((
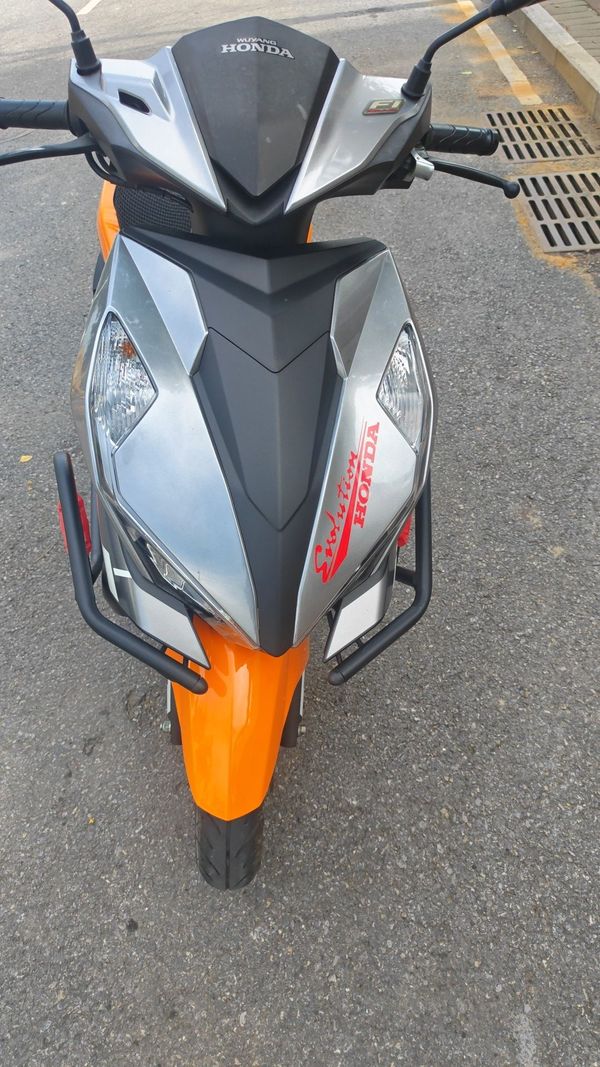 五羊本田 NX125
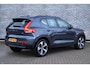 Volvo XC40 2.0 B4 Plus Dark | Adaptieve cruise control | Parkeersensoren voor + achter | Parkeercamera | 19" lichtmetalen velgen | All season banden | Dode hoek detectie | Trekhaak | Reservewiel | Elektr. verwarmbare voorruit | Stoelverwarming | Verwarmd stuurwiel | Elektr. bestuurderstoel incl. memory | Harman Kardon audio |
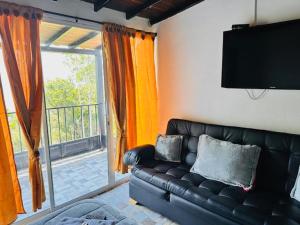 Casa Hotel Camino Real的电视和/或娱乐中心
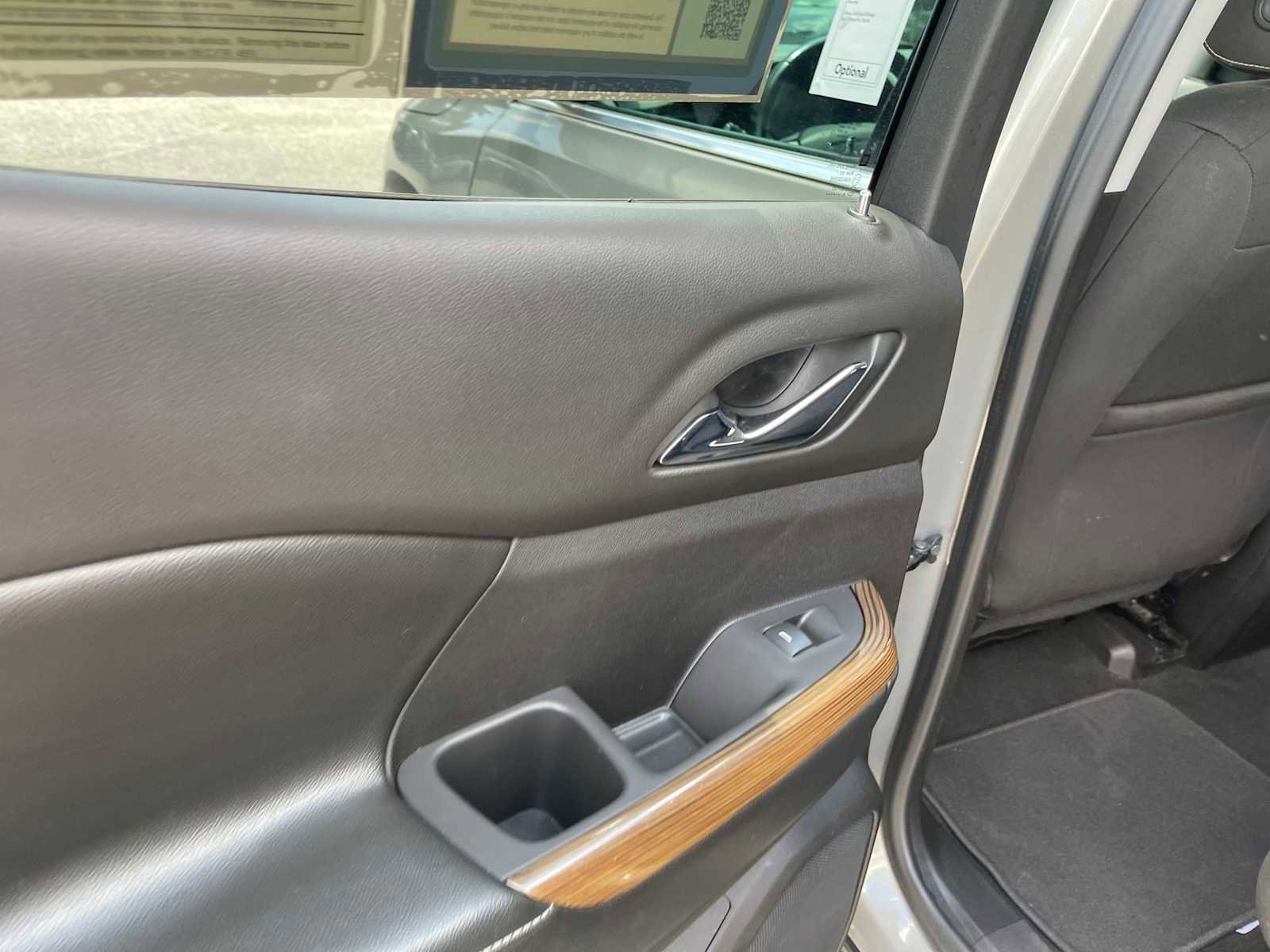 Used 2019 GMC Acadia SLE FWD image 20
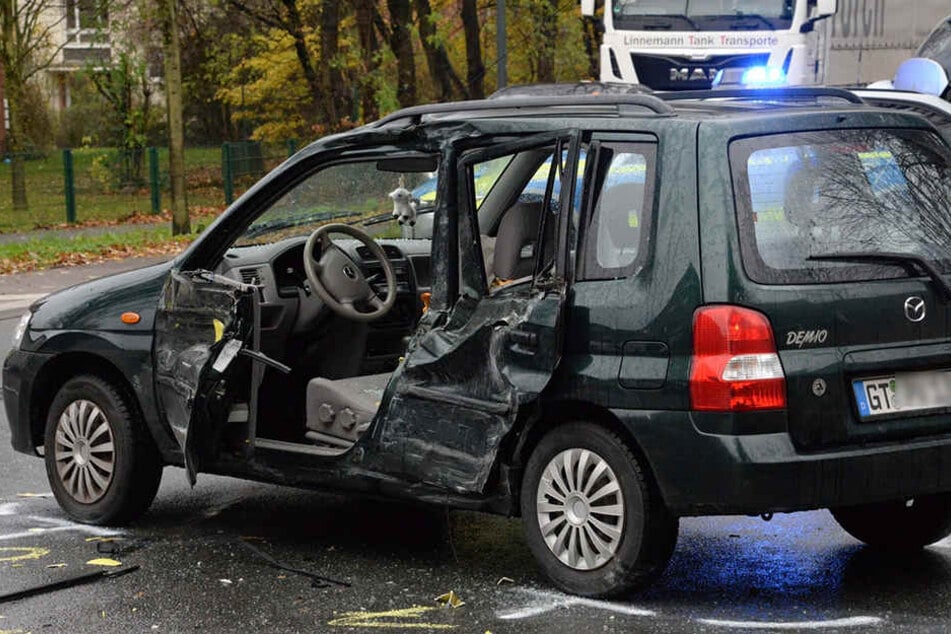 Die 45-jährige Autofahrerin hat sich bei dem Crash schwer verletzt.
))
- WORK TO BE COMPLETED:
Only the lines from the first line of the entries through the line containing "Casa Hotel Camino Real的电视和/或娱乐中心" should be output, exactly as they are, without pictures.

- OUTPUT:
 五羊本田 NX125
 Volvo XC40 2.0 B4 Plus Dark | Adaptieve cruise control | Parkeersensoren voor + achter | Parkeercamera | 19" lichtmetalen velgen | All season banden | Dode hoek detectie | Trekhaak | Reservewiel | Elektr. verwarmbare voorruit | Stoelverwarming | Verwarmd stuurwiel | Elektr. bestuurderstoel incl. memory | Harman Kardon audio |
 Casa Hotel Camino Real的电视和/或娱乐中心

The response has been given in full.